Todos estes factores foram alvo de críticas durante o IV Congresso da Frelimo em Abril de 1983. Neste Congresso, decidiu-se que se devia mobilizar meios e recursos, garantindo a comercialização e o escoamento atempado da produção, proporcionando um apoio eficaz ao camponês do Sector Familiar, que o levasse a aumentar a produção e a dedicar o melhor do seu esforço e tempo nesta actividade. Nessa altura, o governo começou a estimular o aumento da produção capitalista, liberalizando a actividade comercial, os preços de muitos produtos agrícolas e manufacturados.

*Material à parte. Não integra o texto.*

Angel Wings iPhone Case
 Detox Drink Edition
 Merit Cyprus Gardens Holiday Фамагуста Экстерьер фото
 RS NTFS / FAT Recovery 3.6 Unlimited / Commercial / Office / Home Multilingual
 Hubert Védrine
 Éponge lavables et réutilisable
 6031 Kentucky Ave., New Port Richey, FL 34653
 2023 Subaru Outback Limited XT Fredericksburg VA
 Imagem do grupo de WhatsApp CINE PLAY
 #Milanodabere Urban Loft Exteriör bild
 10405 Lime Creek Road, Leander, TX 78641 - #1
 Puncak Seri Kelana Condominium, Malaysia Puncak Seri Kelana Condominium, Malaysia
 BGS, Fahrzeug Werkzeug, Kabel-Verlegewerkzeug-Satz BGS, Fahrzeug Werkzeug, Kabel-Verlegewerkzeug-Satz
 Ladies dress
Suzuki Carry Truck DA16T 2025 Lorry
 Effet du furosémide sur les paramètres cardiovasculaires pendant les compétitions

No entanto, por volta de 1986, a produção do algodão baixou para menos de 10.000 toneladas. A má administração das Empresas Estatais, a oposição às Aldeias Comunais, a falta de bens de consumo nas zonas rurais, e a guerra que afectava principalmente as unidades de produção, fizeram com que a produção do algodão do Sector Familiar baixasse.

Em 1987, e como imposição do Banco Mundial, o Estado é obrigado a implementar um programa de Reajustamento Estrutural, destinado a reorientar a economia, de modo a operar de acordo com os princípios do mercado, a reduzir a intervenção do Estado e a re-introduzir eficiência no sistema. Neste contexto, o Estado começou a vender as Empresas Estatais formando imensas companhias mistas (Joint Venture Companies) e privadas que de um modo geral vieram dar uma outra dinâmica no incremento da produção do algodão no País, pois, para além da produção própria passaram a fomentar junto dos pequenos agricultores. Com a sua criação, as Joint Venture`s foram absorvendo grande parte da mão-de-obra do Sector Estatal e Cooperativo que, paulatinamente foi se extinguindo, acto que veio a consumar-se nos anos 1990-1992. Paralelamente a estas mudanças, e com o objectivo de reconstruir o campo, o governo desenvolve uma nova política nas zonas rurais, o Programa dos Distritos Prioritários (PDP). Este programa tinha como objectivo numa primeira fase, canalizar os recursos financeiros à 40 distritos onde as condições económicas, militares e climáticas apresentavam melhores oportunidades de resultados positivos. Neste contexto, o distrito de Gorongosa não foi contemplado.